SUCCESS Materials – English

Character Strengths – Theoretical Background – The Principles of Strengths-Based Practice

The Principles of Strengths-Based Educational Practice   

Although positive psychology does not provide a coherent theoretical explanation of career choice and development, it provides key implication of ideas for building a healthy engagement with work and career, a crucial element of sustainable wellbeing (Robertson, 2015).

Character strengths among youth and adults are considered to be relatively stable across time, research revealed that character strengths show interpretable developmental trajectories (Park & Peterson, 2009). Character strengths are influenced both by nurture and nature. A variety of influences contribute to development of good character—genes, family, schools, peers, and communities. character can be cultivated by good parenting, schooling, and socialization and that it becomes instantiated through habitual action. Character development programs need to teach specific activities of strengths and encourage young people to keep using them in their daily lives (Park & Peterson, 2009).

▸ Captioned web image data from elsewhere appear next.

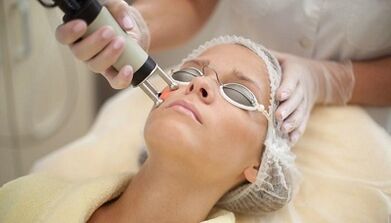 Tipos de rexuvenecemento facial fraccionado da pel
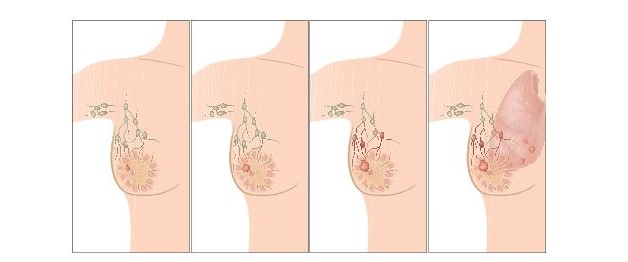 Tìm hiểu về phương pháp phẫu thuật ung thư vú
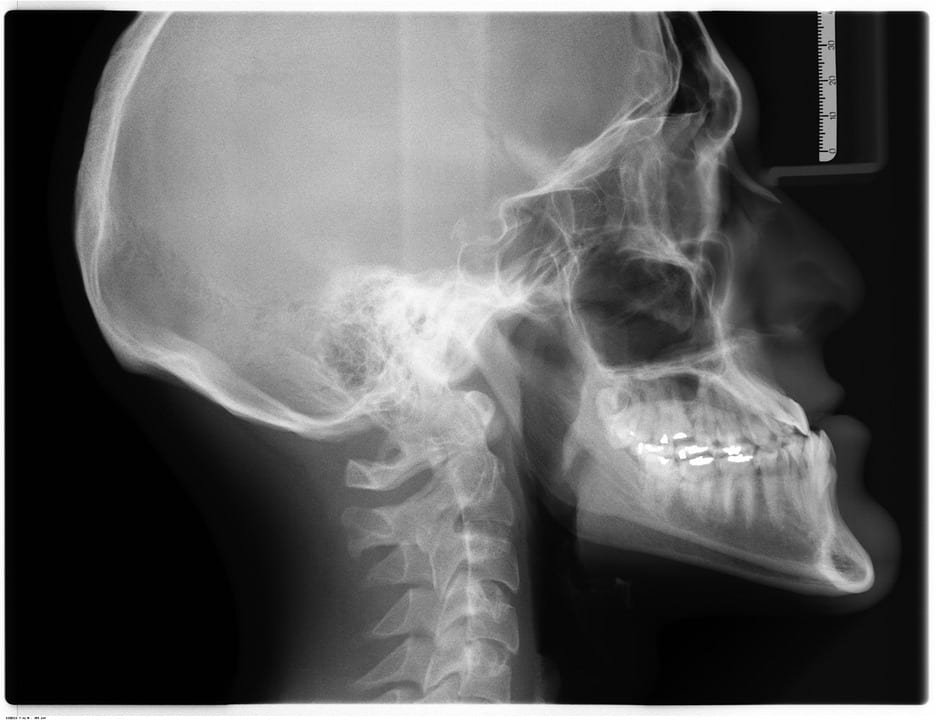 Lifespan of Your X-Ray Equipment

Everyone has strengths. Strengths need to be recognized, celebrated, strengthened, and being applied regularly. According to Park & Peterson (2009), “do your best” or “be the best that you can be” is not a good way to cultivate good character. Young people need to be instructed to choose the strengths on which they want to focus, to set specific and measurable goals, and to devise concrete action plans to achieve these goals. An individualized program for cultivating character based on an individual’s character strength profile may be more effective than a general—one size fits all—program for everyone (Park & Peterson, 2009).

Change does not occur in a vacuum, and a first step in cultivating strengths of character is to legitimize a strengths vocabulary in whatever settings people happen to be. The VIA Project can be helpful by providing the words with which we can describe our own strengths and those of others, whether these are strengths that already exist or strengths that we wish to enhance or build. One needs to start using these words often enough so that they do not sound awkward or quaint (Park & Peterson, 2006; Peterson & Seligman, 2004).

Researchers and practitioners have developed the following principles that serve as the foundation for guiding and implementing strength-based practice (Rapp & Gosau, 2006; Sharry. 2004):


Strengths-based education, though is built on five modern-day educational principles: (a) the measurement of strengths, achievement and determinants of positive outcomes (b) individualization, which requires a tailoring of the teacher’s/advisor’s methods to student needs and interests, (c) networking with friends, family, and professionals who affirm strengths, (d) deliberate application of strengths in and out of the classroom and (e) intentional development of strengths through novel experience or focused practice across a period such as a semester, academic year, or an internship.